Antes de entrar diretamente no KNN, vamos usar um exemplo mais simples para entender qual o motivo do uso de índices ser importante. Suponha que você tenha em suas mãos uma lista de nomes. A sua tarefa é encontrar todos os nomes que comecem com a letra “A”. Se a lista estiver ordenada a tarefa é muito simples, não é mesmo? Mas e se ela estiver toda bagunçada? “Sem problema também! É só passar nome a nome”. Essa é uma estratégia muito válida e vamos chamá-la de força-bruta. Quando temos uma lista com 10 nomes, ela parece uma excelente alternativa. Ler 10 nomes não é nada. Mas e se tivéssemos 100 nomes? Complicou um pouco mas ainda é factível. Ok, então. E se tivéssemos 1 milhão de nomes? Nesse cenário, nós ainda poderíamos ler todos os nomes, mas o tempo que vamos levar para fazer isso é muito grande.

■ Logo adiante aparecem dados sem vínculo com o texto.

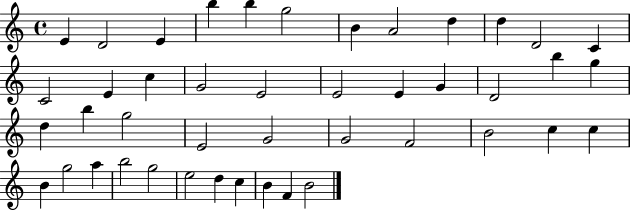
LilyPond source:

{
  \clef treble
  \time 4/4
  \defaultTimeSignature
  \key c \major
  e'4 d'2 e'4 | b''4 b''4 g''2 | b'4 a'2 d''4 | d''4 d'2 c'4 | \break c'2 e'4 c''4 | g'2 e'2 | e'2 e'4 g'4 | d'2 b''4 g''4 | \break d''4 b''4 g''2 | e'2 g'2 | g'2 f'2 | b'2 c''4 c''4 | \break b'4 g''2 a''4 | b''2 g''2 | e''2 d''4 c''4 | b'4 f'4 b'2 | \break \bar "|."
}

E se existisse ferramenta mágica que conseguisse me indicar os lugares exatos em que estão os nomes que começam com as letras entre “A” e “M”. Ia ser incrível, certo? Poder excluir todos os nomes que começam com “N” em diante facilitaria muito o trabalho. E se alguém melhorasse ainda mais a ferramenta e agora ela mostrasse a posição dos nomes iniciados em “A” e “B”? Está parecendo mentira de tão bom, não é? A lista que temos que procurar nomes com “A” agora é muito menor do que a minha lista inicial com 1 milhão de nomes. E pasmem: essa ferramenta mágica existe e é justamente o índice!

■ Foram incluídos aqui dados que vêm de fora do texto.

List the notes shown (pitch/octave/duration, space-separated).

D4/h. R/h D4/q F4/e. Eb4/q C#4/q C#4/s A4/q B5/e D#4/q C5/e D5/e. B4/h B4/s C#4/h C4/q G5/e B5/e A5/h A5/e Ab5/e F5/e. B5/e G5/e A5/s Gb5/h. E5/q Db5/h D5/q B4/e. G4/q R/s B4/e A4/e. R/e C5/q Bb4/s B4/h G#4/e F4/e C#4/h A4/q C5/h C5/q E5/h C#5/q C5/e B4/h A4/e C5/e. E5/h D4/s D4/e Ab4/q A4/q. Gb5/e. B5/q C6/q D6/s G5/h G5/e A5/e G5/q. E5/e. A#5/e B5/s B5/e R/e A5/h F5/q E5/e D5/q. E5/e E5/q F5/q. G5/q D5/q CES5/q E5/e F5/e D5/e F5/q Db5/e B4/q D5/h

O que isso tem a ver com o KNN?
Você já parou para pensar no que aconteceria se tivéssemos que encontrar vizinhos buscando dentre mais de 1 milhão de pontos, por exemplo? Se usássemos a mesma abordagem de “força-bruta”, podemos imaginar que teríamos o mesmo problema de quando uma lista cresce muito: o tempo para a execução do algoritmo ficaria muito maior. Mas será que isso realmente acontece? Vamos dar uma olhada com um pequeno experimento, rodando o KNN para algumas quantidades diferentes de dados.
Código - Tempo KNN
Observando o gráfico, podemos perceber que o tempo de execução do algoritmo cresce exponencialmente com a quantidade de dados. É … realmente parece que temos um problema. Mas nada tema, temos um herói que pode nos auxiliar aqui: os índices! Os índices podem ser fortes aliados para otimização do tempo de busca por vizinhos em algoritmos de distância como o KNN. Especificamente vamos apresentar dois algoritmos para a construção de índices: as KD-Trees e as Ball trees.
KD Tree
As KD-Trees (K Dimensional Trees) ou Árvores K-dimensionais são árvores binárias (ou seja, cada nó tem exatamente 2 filhos) que dividem o espaço original em cortes paralelos aos eixos originais. Que? Cortes paralelos aos eixos? O que raios isso quer dizer? Já chegamos lá e com imagens ficará mais fácil de explicar.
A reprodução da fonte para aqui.